Y debajo del sombrero, un mundo… Rostros sufridos, con aventuras apasionantes que brotan de cada arruga, de cada mirada. Rostros callados, que se comunican con la pausa y la sonrisa, con el silencio y la mirada tímida. Rostros endurecidos, curtidos, arados como la tierra que trabajan, quemados por el sol del que se protegen. Rostros esculpidos por el tiempo, por el frío, por el hambre, por el olvido.
Y en cada rostro una memoria viva. Infinidad de recuerdos, agradecidos unos, arrepentidos otros. El peso de los años y el paso de la vida. Nombres y hazañas, sudores y frutos, conquistas y pérdidas. En cada rostro un mapa, un cielo estrellado, una peligrosa tormenta y una brisa calma.

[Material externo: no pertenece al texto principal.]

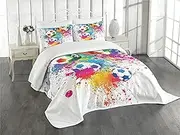 Ambesonne Soccer Bedspread Set Queen Size, Colored Splashes All Over Soccer Balls Score World Cup Championship Athletic Artful, Decorative Quilted 3 Piece Coverlet Set with 2 Pillow Shams, Multicolor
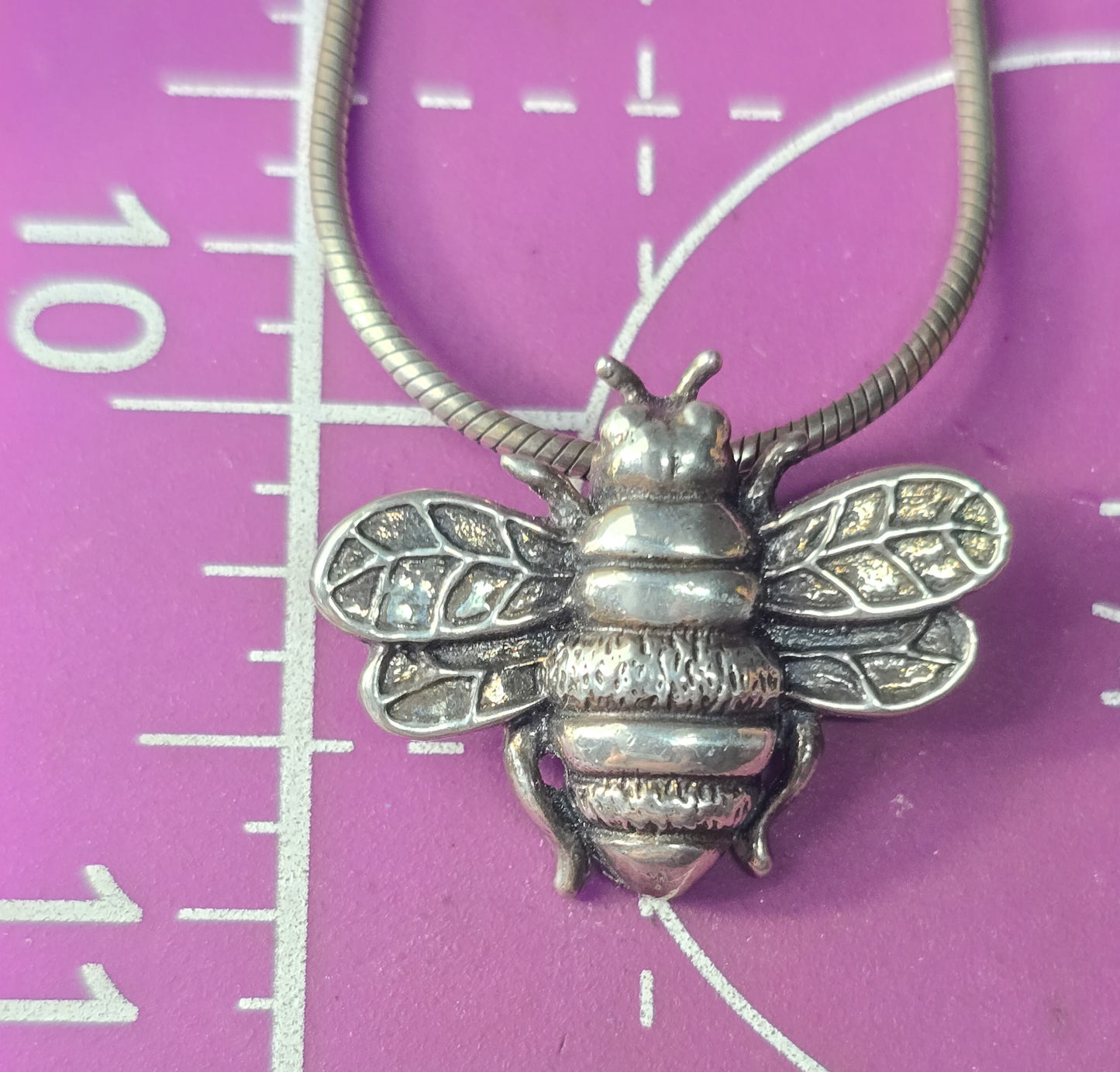 Honey Bee insect figural solid sterling silver pendant necklace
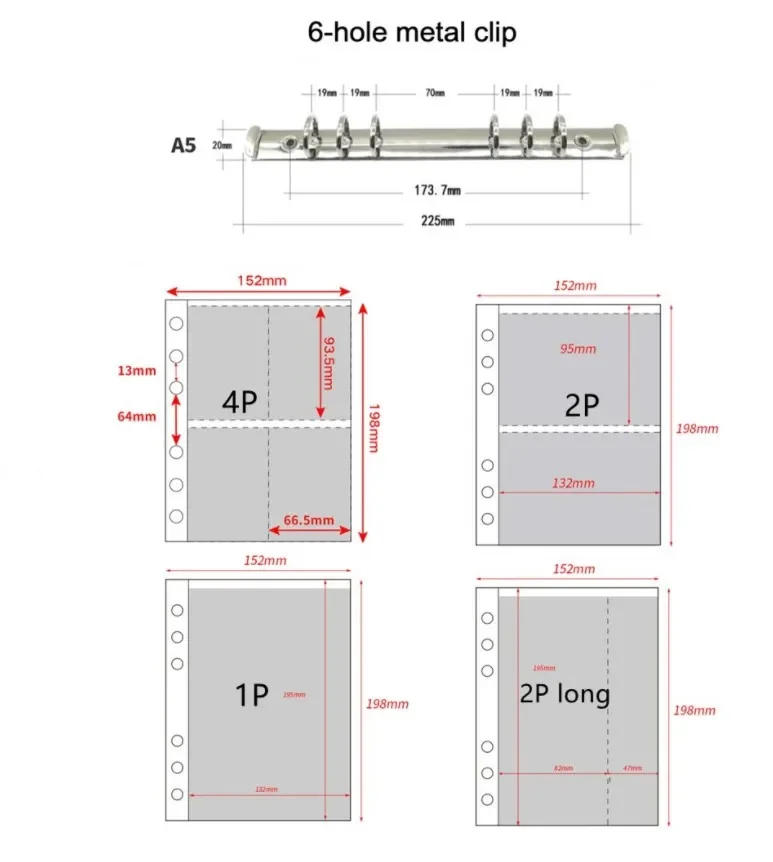 10pcs Photo Album Binder Refill Inner Sleeves 1P 2P 4P Transparent A5 Binder Sleeves Photocard Storage Organizer Loose Leaf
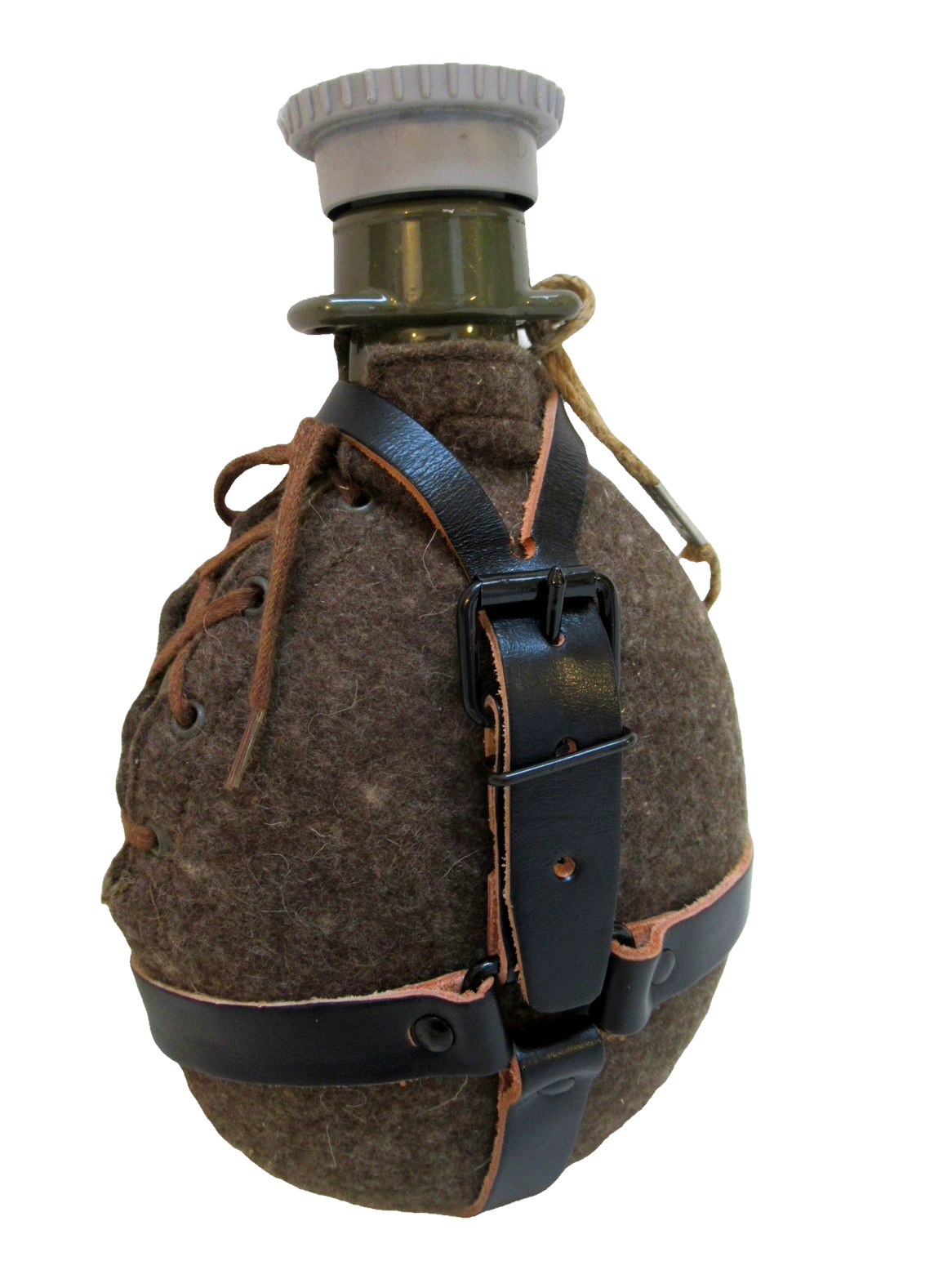 New Vintage Czech army Communist wool canteen flask cask military Soviet laces plastic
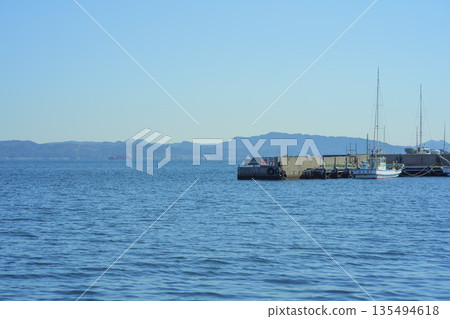 Winter scenery of Uraga, Yokosuka City, Kanagawa Prefecture, looking towards Tokyo Bay from Nishi-Uraga Winter scenery of Uraga, Yokosuka City, Kanagawa Prefecture, looking towards Tokyo Bay from Nishi-Uraga 135494618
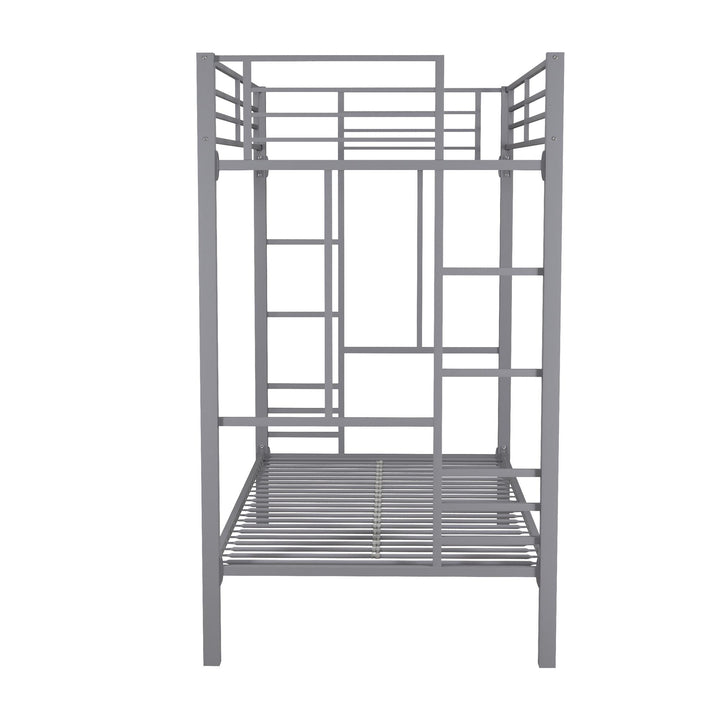 Jillette Twin over Twin Metal Bunk Bed - Silver - Twin-Over-Twin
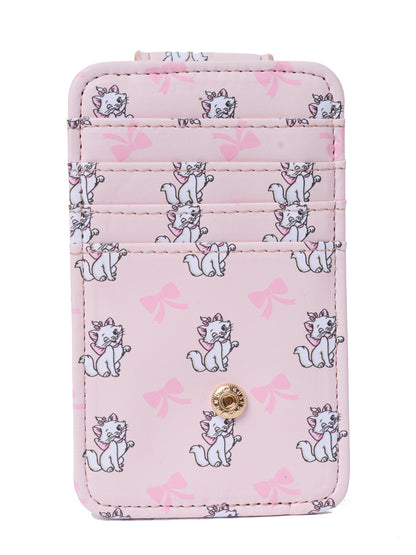 Disney Aristocats Marie Cat Card Holder Wallet Snap Pink Bow Faux Leather Cute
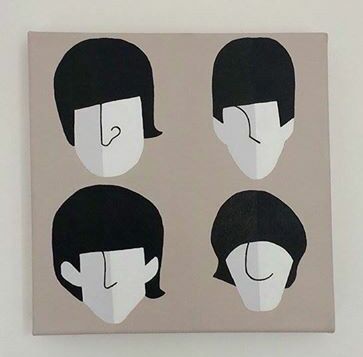 Hand painted Beatles canvas Beatles Drawing Easy, Beatles Painting Easy, The Beatles Painting Easy, The Beatles Art Painting, Beatles Crafts, Beatles Songs Art, The Beatles Cartoon Art, Beatles Painting, Beatles Artwork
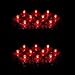 SOKATON Submersible Tea Light Battery Operated Waterproof LED Tealights Underwater Vase Light for Christmas Xmas Holloween Party Wedding Decoration - Pack of 12 - Red
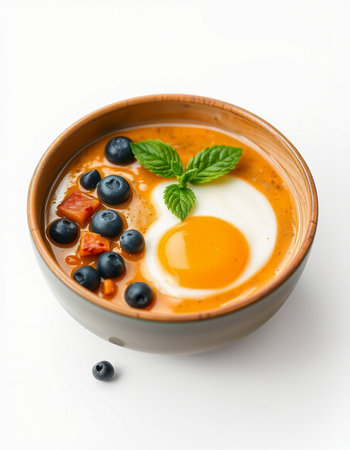 Tomato soup with blueberries and egg in bowl on white backgroundの写真素材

En cada rostro el universo entero dibujado, gravado, sembrado.
Debajo de cada sombrero se amontona un mundo de vivencias: traiciones, victorias, agradecimientos, dolores, esperanzas, muertes, celebraciones, mentiras, amores… El sombrero las protege, las alimenta, las cobija.
El sombrero me recuerda que cada persona es un misterio, deseando darse a conocer, pero exigiendo, a la vez, un respeto sagrado a su intimidad, a su historia, a su tiempo, a su dignidad.